When Kurt first started going to the gym, he started running into this short and stocky, tattoo-covered Hispanic kid here and there. “He was the kind of guy you’d see and think it best to stay out of his way. He’d come in the gym and be no-nonsense. You’d think ‘Yeah- I don’t want to mess around with this guy.'” Still, Kurt is Kurt-friendly, and unflinching- and during one of his gym visits he said ‘Hello’ to the kid. They’d run into each other more in the coming weeks and months, and talk a little here and there. And in time, they had rapport, and Kurt had Eric’s story.
“Eric grew up in the South Valley, in a poor and tough neighborhood. Growing up, everyone he knew was flirting around with gang life, and ending up in gangs. When he was in high school, he saw the world around him, thought about it, and decided he just didn’t want to end up staying in that world. He wanted to get out. He believed he could have a better life than that- and he hung on to that vision.”
Eric had a number of opportunities to take the lesser, more popular road, but he didn’t.
“‘I am going to go to school. I am going to do something with my life.’ Eric told me back then.”
Time moved forward. Kurt would check in with Eric once in a while at the gym and see how his life was, how work was going. Weeks became months, and months became years. Eric moved from one job to another, and then started taking college classes, and then switched jobs, and sat out a semester, and was sticking to his dream, but struggling to make ends meet, and… and then their lives separated. When Kurt and his wife had kids, their early mornings at the gym were done. And Kurt lost track of Eric.
“Last week, I went in early to the gym to get a workout in, and as I was approaching the front door, I saw this tough-looking muscular guy heading for it as well. When we got in the light, I realized it was Eric. He flashed me a great big smile, we went inside, and then we talked for a bit.”

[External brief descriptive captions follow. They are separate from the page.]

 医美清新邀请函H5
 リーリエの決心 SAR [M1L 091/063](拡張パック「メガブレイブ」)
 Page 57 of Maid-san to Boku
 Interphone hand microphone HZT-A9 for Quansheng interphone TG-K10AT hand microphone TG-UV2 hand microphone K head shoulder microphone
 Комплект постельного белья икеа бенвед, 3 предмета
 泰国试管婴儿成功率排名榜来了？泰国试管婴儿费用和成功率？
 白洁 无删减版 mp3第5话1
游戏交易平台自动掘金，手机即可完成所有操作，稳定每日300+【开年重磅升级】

“He looked great. He never finished college, but he picked up some trade skills and had been doing construction work for a number of years. He’s married now, and he has two step-children- a daughter who is 21, and a son who is in high school. He said he had been laid off earlier this summer, so he was almost done adding 1600 square feet to his family’s home. He’s happy, he’s doing well financially, and most importantly, he made it out of his old neighborhood.”
“Oddly enough, I went to a birthday party last weekend at a friend’s place, and again, there he was. His son is dating the daughter of my friend. It’s a small world, isn’t it? 13 years later, and our lives meet again. I gave him my card because we have some home improvements we’d like to do, and he’d be a perfect person to help us with them.”
Eric could have ended up gang-banging or dead, or stuck in a harsh life if he hadn’t tried to get out of the Valley. “But he chose to get out- he chose to make a better life for himself. He chose to not get involved in the drugs and gang stuff. I am so impressed”, Kurt tells me.
I am too, Kurt.
“Wasn’t that a good success story?”
“Yeah, man, it was. That was a good success story.”
I also appreciate that Kurt finds joy in the successes and achievements of his friends- whether they are close or distant ones.